▸ Task material
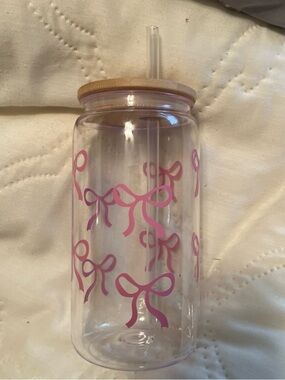 SHEIN Clear Water Bottle with Pink Bow Design and Bamboo Lid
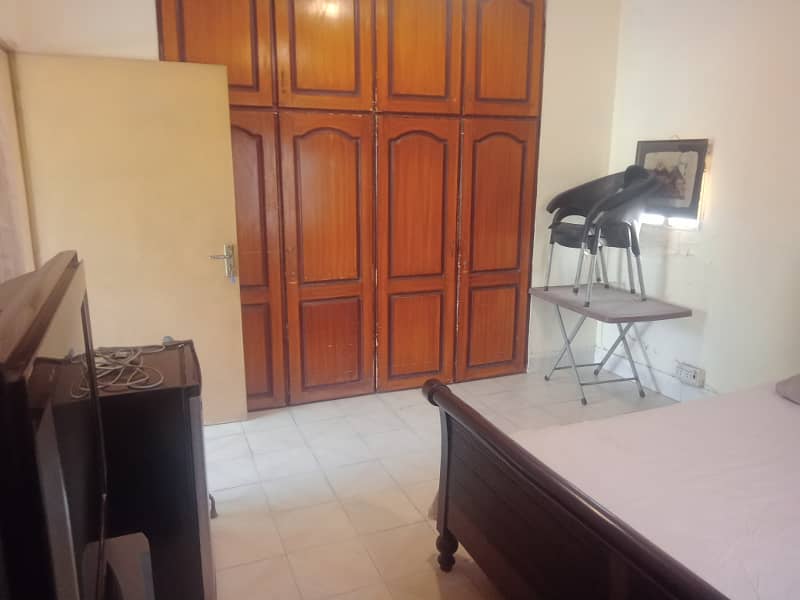 Full furnished 1 bedroom ideal for bachelors or couple in new Muslim Town for rent 6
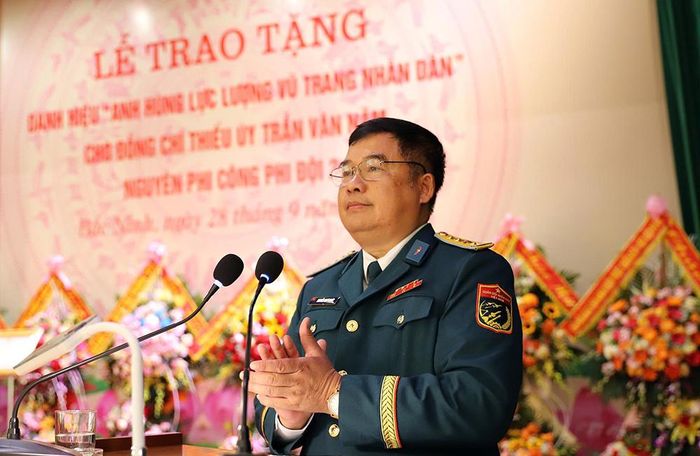  Đại tá Nguyễn Như Khoát phát biểu tại buổi lễ. 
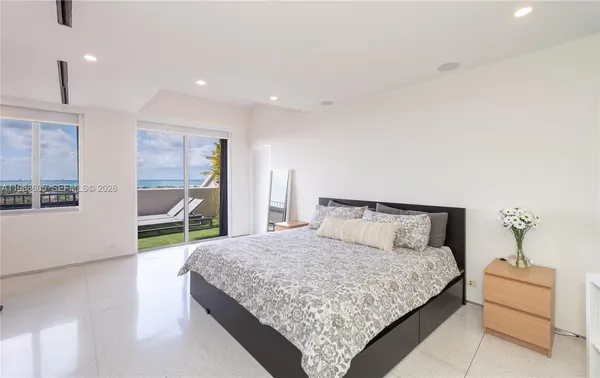$13,000 | 151 Crandon Boulevard, Unit 939, Key Biscayne, FL 33149
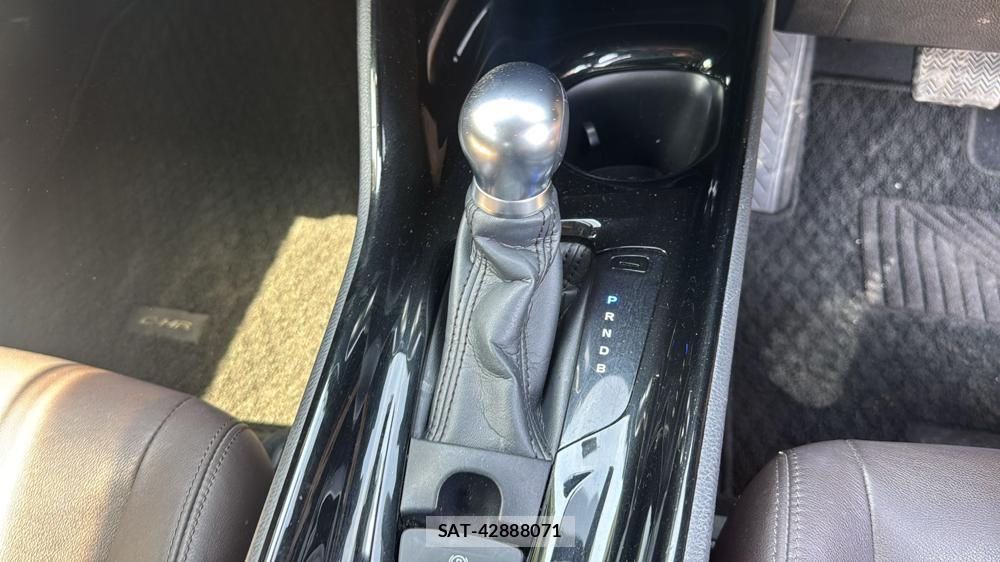 Toyota C-HR 2017 6634474-16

▸ The task
When you copy the entries, keep every word exactly as it stands and drop any pictures.

▸ Response area
 SHEIN Clear Water Bottle with Pink Bow Design and Bamboo Lid
 Full furnished 1 bedroom ideal for bachelors or couple in new Muslim Town for rent 6
  Đại tá Nguyễn Như Khoát phát biểu tại buổi lễ. 
$13,000 | 151 Crandon Boulevard, Unit 939, Key Biscayne, FL 33149
 Toyota C-HR 2017 6634474-16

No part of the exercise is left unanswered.